The suits invoke the Trafficking Victims Protection Reauthorization Act, which allows sex trafficking victims to bring civil actions against anyone who "knowingly benefits, financially or by receiving anything of value from participation in a venture which that person knew or should have known has engaged in an act in violation of this chapter" of the law.
None of the plaintiffs allege that the hotels actively participated in their trafficking. But did they knowingly benefit from it?
The specific allegations are sickening. For example, one plaintiff, identified as H.H., said she was trafficked for about eight months in 2015 at Motel 6 and Super 8 hotel locations in Columbus, Ohio.
"Despite obvious signs of human trafficking (branding, restraints, bruises, physical deterioration) and indicators of commercial sex activity (bottles of lubricants, boxes of condoms, excessive requests for towels and linens, cash payments) the defendants failed to protect the plaintiff from foreseeable harms and failed to prevent her continued victimization," states the complaint by Steven Babin Jr. of Babin Law in Columbus and Gregory M. Zarzaur of Zarzaur Mujumdar & Debrosse in Birmingham, Alabama.
The lawyers allege that the hotel operators saw H.H. on multiple occasions. "At each of the defendant hotels, the plaintiff was routinely escorted by her trafficker to the front desk to hand deliver cash payments for the reserved room out of which the sex trafficking venture operated."
It gets worse.
"During the time period in which the plaintiff was sex trafficked in Columbus, Ohio, she was discovered by the hotel cleaning staff at the defendant Motel 6 Columbus tied to the guest room bed and despite her desperate pleas for help, the staff ignored her and did nothing to rescue or otherwise protect the plaintiff from the ongoing and obvious torture she was enduring," wrote Babin and Zarzaur.
"Similarly, at the defendant Super 8 Columbus, a female member of the hotel housekeeping staff with long, dark hair discovered the plaintiff chained up in the bathroom of the hotel room out of which she was being trafficked. Again, despite the plaintiff's desperate pleas for help, the staff person ignored her and did nothing."
DLA's David Sager and Christopher Donovan represent Super 8 brand owner Wyndham Hotels and Resorts Inc.

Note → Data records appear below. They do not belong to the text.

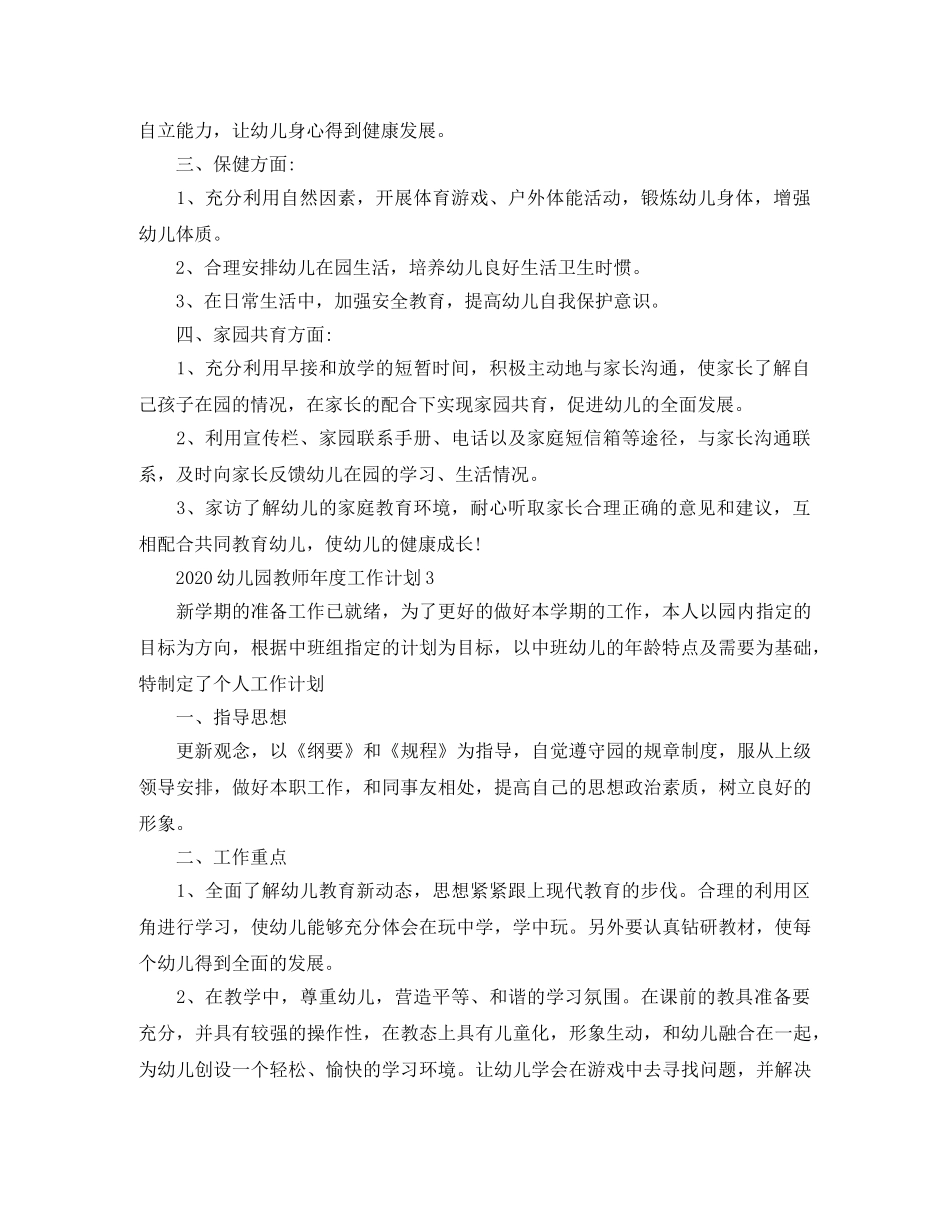 2024幼儿园教师年度计划范文 _第3页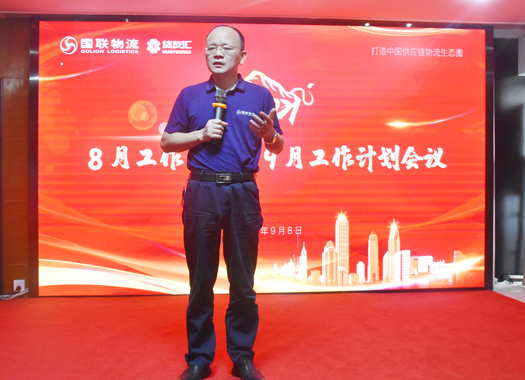 劉董.jpg 劉董.jpg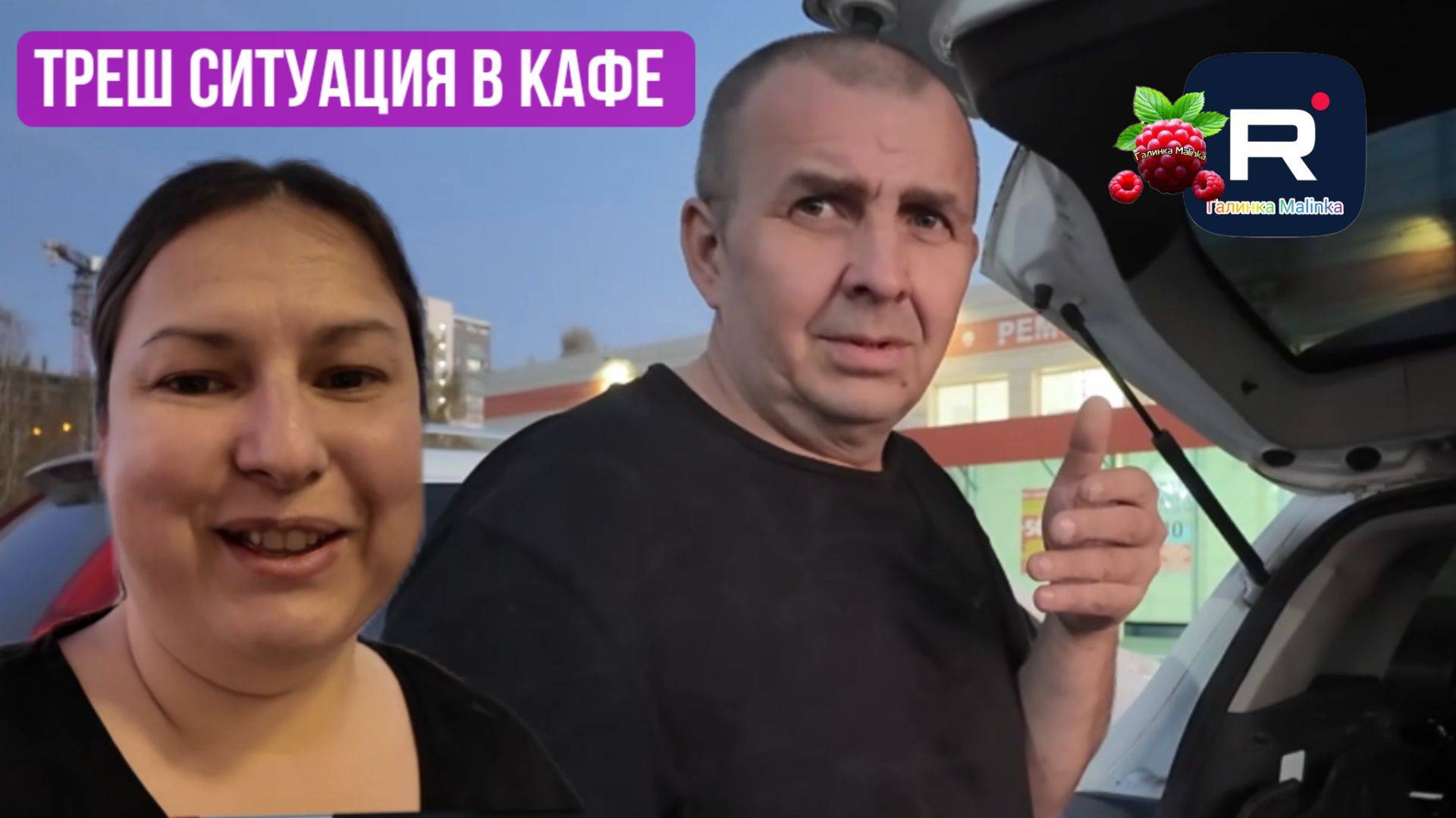 Шок ситуация в кафе /Ольга Уралочка /Уральская семья Обзор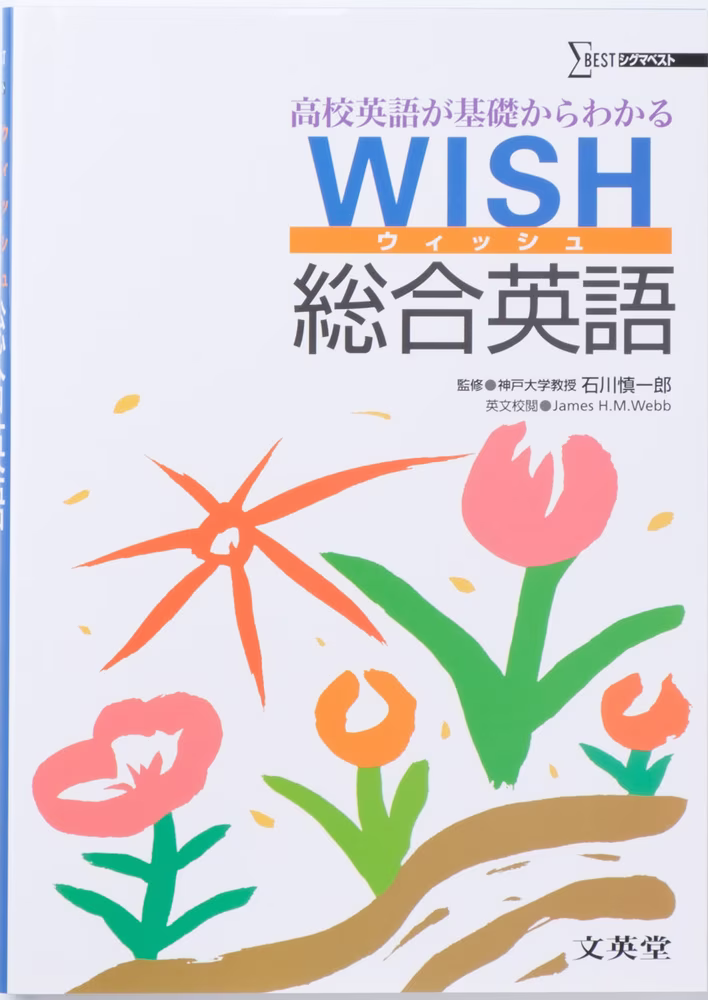 WISH 総合英語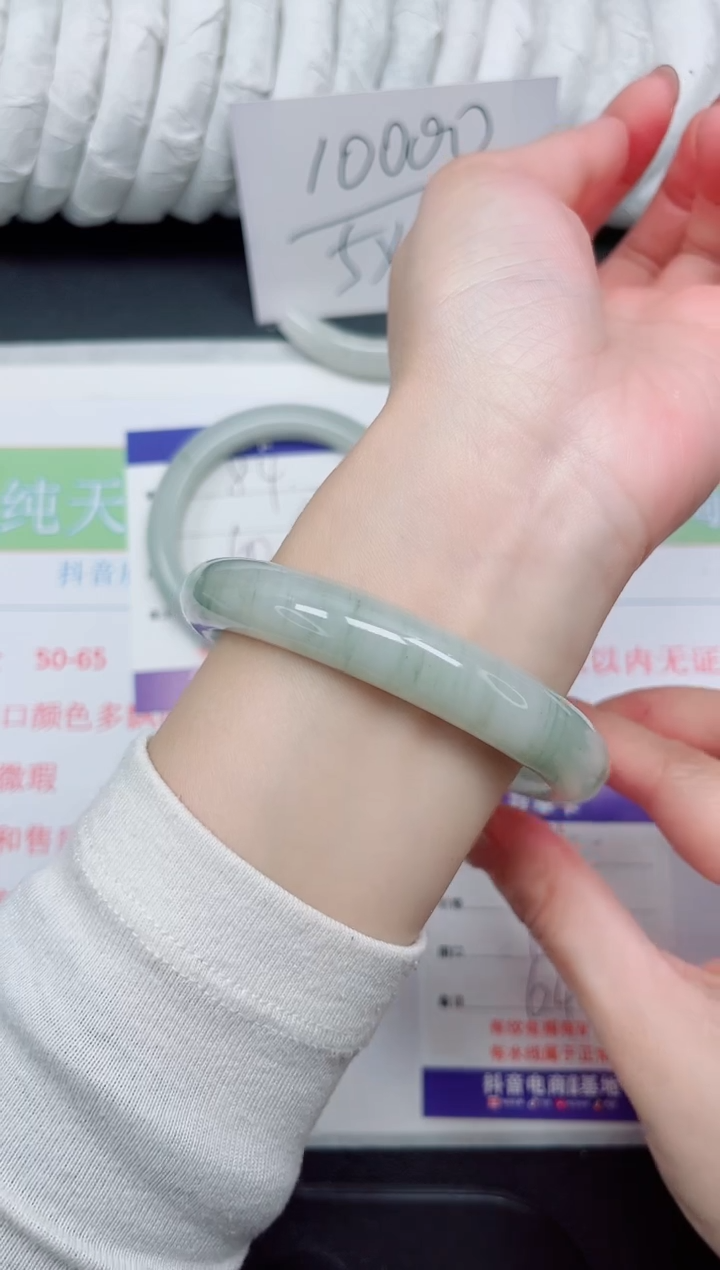 【闪购商品】石英质玉手镯未镶嵌85-64.5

In a statement, a Wyndham spokeswoman said, "We condemn human trafficking in any form. Through our partnerships with the International Tourism Partnership, ECPAT-USA, Polaris Project and other organizations that share the same values, we have worked to enhance our policies condemning human trafficking while also providing training to help our team members, as well as the hotels we manage, identify and report trafficking activities. We also make training opportunities available for our franchised hotels, which are independently owned and operated. As the matter is subject to pending litigation, we're unable to comment further at this time."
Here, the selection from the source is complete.